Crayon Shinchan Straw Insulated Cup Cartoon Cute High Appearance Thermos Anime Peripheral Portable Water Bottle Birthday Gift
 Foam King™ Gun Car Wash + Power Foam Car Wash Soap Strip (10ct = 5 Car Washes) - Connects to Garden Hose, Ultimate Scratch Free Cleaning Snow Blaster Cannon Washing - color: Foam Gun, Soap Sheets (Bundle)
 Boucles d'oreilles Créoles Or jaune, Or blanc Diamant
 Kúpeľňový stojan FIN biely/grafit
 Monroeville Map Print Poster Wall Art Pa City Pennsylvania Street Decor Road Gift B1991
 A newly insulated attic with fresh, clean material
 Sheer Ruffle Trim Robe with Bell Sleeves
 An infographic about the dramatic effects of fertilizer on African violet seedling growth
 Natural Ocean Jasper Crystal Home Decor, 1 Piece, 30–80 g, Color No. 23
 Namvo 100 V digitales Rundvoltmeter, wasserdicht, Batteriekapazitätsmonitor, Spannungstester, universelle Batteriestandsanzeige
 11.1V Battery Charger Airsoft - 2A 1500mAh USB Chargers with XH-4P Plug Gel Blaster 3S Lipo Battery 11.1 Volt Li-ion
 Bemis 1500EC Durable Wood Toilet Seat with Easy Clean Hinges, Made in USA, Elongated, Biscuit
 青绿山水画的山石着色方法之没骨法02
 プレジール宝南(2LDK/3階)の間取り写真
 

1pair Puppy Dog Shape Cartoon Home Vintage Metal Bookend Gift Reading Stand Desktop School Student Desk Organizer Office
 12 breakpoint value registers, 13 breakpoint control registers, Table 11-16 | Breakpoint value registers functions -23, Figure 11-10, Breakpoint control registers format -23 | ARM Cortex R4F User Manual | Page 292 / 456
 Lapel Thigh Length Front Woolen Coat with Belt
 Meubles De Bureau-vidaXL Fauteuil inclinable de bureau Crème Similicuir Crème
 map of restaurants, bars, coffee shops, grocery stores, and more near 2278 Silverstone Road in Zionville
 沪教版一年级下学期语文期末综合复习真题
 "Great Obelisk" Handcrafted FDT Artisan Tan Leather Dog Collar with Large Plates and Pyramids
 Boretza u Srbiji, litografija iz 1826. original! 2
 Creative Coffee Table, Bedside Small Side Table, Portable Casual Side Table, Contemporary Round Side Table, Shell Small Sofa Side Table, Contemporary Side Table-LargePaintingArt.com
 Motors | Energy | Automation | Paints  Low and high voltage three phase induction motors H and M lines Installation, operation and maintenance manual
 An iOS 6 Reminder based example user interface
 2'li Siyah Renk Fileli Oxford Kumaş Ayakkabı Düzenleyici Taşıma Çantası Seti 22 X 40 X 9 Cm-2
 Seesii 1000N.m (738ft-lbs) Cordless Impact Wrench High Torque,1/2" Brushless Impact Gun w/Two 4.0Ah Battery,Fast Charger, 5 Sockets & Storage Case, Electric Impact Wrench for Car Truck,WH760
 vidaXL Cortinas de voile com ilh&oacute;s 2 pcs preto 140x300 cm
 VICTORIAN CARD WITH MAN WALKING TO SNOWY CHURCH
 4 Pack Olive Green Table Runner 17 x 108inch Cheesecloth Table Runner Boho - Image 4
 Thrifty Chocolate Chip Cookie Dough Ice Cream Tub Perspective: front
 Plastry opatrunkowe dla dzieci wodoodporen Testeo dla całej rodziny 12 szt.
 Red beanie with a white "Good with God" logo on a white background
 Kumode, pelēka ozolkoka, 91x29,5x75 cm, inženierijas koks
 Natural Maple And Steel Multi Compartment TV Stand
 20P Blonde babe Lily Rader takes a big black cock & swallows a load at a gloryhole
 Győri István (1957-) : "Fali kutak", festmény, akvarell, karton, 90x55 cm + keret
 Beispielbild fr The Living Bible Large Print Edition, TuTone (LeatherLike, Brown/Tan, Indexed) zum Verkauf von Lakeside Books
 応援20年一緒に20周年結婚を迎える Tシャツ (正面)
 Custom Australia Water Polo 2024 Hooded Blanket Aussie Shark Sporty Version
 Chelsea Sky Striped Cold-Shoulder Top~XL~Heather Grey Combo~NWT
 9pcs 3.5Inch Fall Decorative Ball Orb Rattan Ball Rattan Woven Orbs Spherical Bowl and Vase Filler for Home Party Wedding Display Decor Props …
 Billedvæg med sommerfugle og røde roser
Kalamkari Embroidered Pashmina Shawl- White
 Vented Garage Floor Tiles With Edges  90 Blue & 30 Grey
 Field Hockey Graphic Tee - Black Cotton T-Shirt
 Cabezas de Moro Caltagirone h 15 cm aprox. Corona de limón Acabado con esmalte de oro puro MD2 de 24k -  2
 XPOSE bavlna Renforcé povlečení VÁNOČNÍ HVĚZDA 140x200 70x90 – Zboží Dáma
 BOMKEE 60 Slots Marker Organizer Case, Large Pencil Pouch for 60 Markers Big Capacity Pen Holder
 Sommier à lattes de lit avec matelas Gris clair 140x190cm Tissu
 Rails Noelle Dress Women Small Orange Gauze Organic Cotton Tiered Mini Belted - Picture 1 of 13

____________

§ Task directions
In the records, find every line that has the string "Small" and copy it.

§ Answer area
 Creative Coffee Table, Bedside Small Side Table, Portable Casual Side Table, Contemporary Round Side Table, Shell Small Sofa Side Table, Contemporary Side Table-LargePaintingArt.com
 Rails Noelle Dress Women Small Orange Gauze Organic Cotton Tiered Mini Belted - Picture 1 of 13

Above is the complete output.